-------- Exercise material

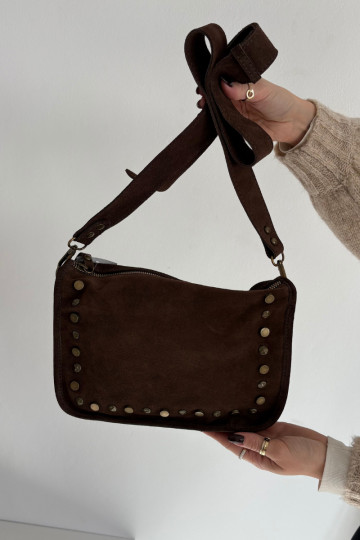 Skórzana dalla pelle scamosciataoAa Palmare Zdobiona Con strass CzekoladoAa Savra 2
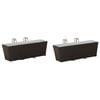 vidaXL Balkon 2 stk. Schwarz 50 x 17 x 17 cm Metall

----------------
-------- Exercise material

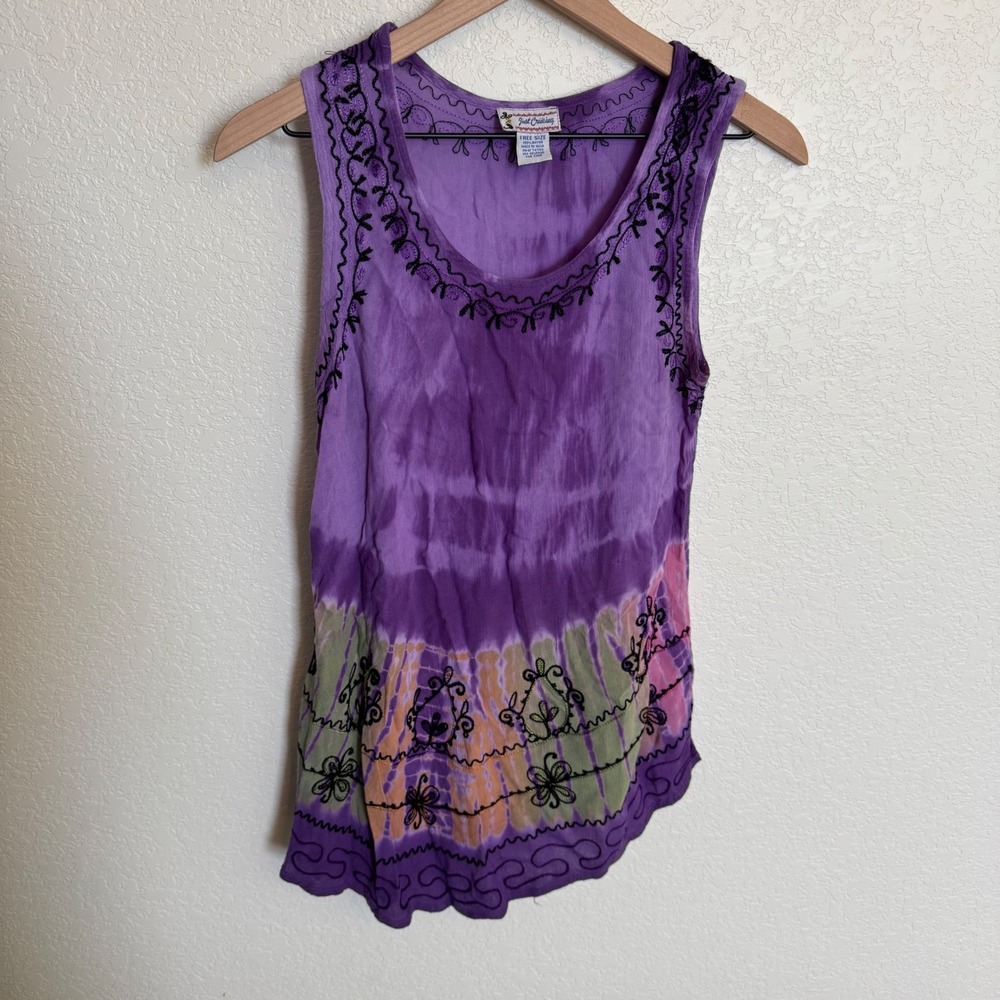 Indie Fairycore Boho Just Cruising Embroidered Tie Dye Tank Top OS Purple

----------------
-------- Exercise material

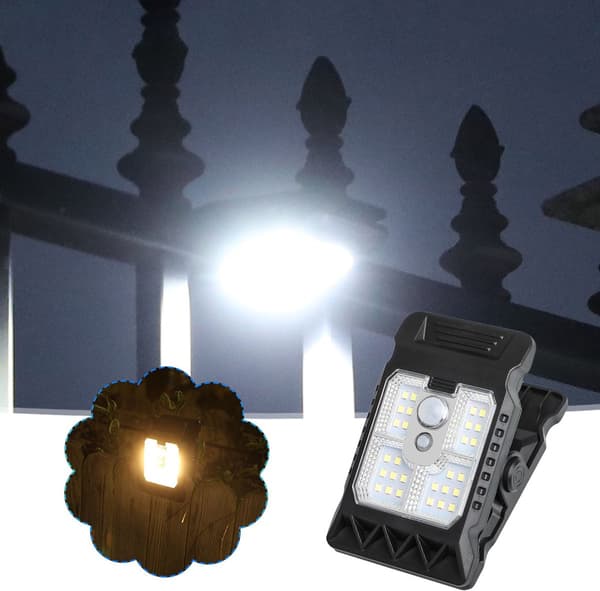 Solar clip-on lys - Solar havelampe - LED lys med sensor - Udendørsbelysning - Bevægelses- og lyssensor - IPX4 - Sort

----------------

__The task__. The answer is the lines of the material above, from the one containing "Skórzana dalla pelle" down to the one containing "vidaXL Balkon 2", given exactly and without images.

__Output below__.
 Skórzana dalla pelle scamosciataoAa Palmare Zdobiona Con strass CzekoladoAa Savra 2
 vidaXL Balkon 2 stk. Schwarz 50 x 17 x 17 cm Metall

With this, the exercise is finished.